Mission Eurêka : étudier les nuages pour comprendre le réchauffement climatique

Eurêka, c’est le nom d’une mission scientifique de grande envergure qui commence ce lundi 20 janvier au large de la Barbade, dans les Caraïbes. Une mission internationale mais imaginée par des chercheurs français. Ils partent à la chasse aux nuages et aux tourbillons dans l’océan.
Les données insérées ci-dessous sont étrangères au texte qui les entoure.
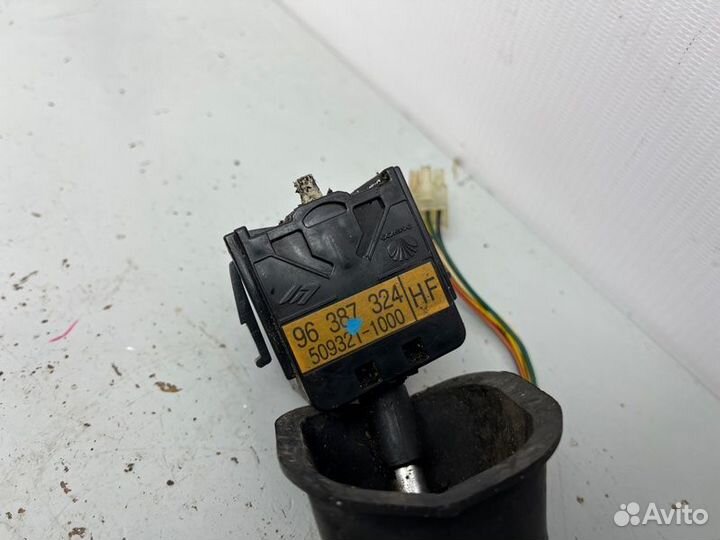 Подрулевой переключатель поворотников Chevrolet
Ecoutez 3 minutes pour la planète de Baptiste Gaborit

 

 

Eurêka, la première campagne d’étude aussi complète des nuages

On sait que les nuages jouent un rôle dans la météo à court terme. Ce que l’on connaît moins, c’est leur rôle pourtant capital dans le système climatique à long terme, notamment sur le réchauffement climatique. Sandrine Bony chercheuse au CNRS, au laboratoire de météorologie dynamique et coordinatrice de cette mission Eurêka rappelle que d’une part, les nuages réfléchissent les rayons du soleil. Ils ont donc un effet refroidissant sur la Terre. Mais d’autre part, ils interagissent aussi avec les rayonnements infrarouges ; ce qui contribue à l’effet de serre. Les scientifiques s’interrogent aujourd’hui. À mesure que le climat se réchauffe, l’effet refroidissement va-t-il se renforcer ou va-t-il s’atténuer ?

 

A lire aussi

 

Auquel cas, le réchauffement dû aux gaz à effet de serre s’amplifiera. Comment les nuages vont donc répondre au réchauffement ? Cela fait 40 ans que les climatologues se posent la question et c’est toujours aujourd’hui un mystère. Et la principale incertitude concerne les nuages bas, comme les petits cumulus d’Alizée, très fréquents notamment au-dessus des océans tropicaux. Selon Sandrine Bony, les modèles qui prévoient un très fort réchauffement prédisent une diminution de ces petits nuages. Pour tester la crédibilité d’anticipation des modèles actuels, il faut évaluer leur capacité à prédire ces cumulus d’Alizée. Il s’agit du but de la campagne Eurêka, « la première à observer de façon aussi complète à la fois les propriétés nuageuses et celles de l’environnement dans lequel se forment les nuages ». Pendant un mois, les scientifiques vont relever de nombreuses mesures : quantité d’eau, taille des gouttes, mouvements internes des nuages… Ils devraient mobiliser 5 avions de recherche, une multitude de drones, mais aussi 4 navires océanographiques.

 

Mieux anticiper les cyclones pour protéger les populations

Une des autres inconnues de l’équation climatique sont les transferts entre atmosphère et océan. Celui-ci capte les rayonnements solaires et les transforme en chaleur et en énergie. Seulement, dans cette région du monde, des tourbillons brassent de l’eau plus chaude qu’ailleurs. Avec quelles conséquences ? Impossible de le savoir puisque les modèles climatiques ne prennent pas en compte ces spécificités locales. Y remédier est un des objectifs de cette mission, qui doit permettre aussi de mieux repérer les mécanismes à l’œuvre pour la formation de cyclones. Pour Sabrina Speich, océanographe et physicienne pour le laboratoire de météorologie dynamique, deux difficultés demeurent : connaître leur trajectoire et le moment où ils vont s’intensifier. Le savoir permettrait de mieux protéger les infrastructures et la société de manière à ce que dans le futur, elles puissent s’adapter à ces changements. Au total, plus de 30 institutions scientifiques issues de 11 pays différents vont participer à cette mission, et des centaines de scientifiques mobilisés sur le terrain durant un mois. Mais il faudra de 3 à 5 ans pour intégrer les résultats de cette campagne dans les modèles climatiques et ainsi réduire l’incertitude sur le réchauffement futur.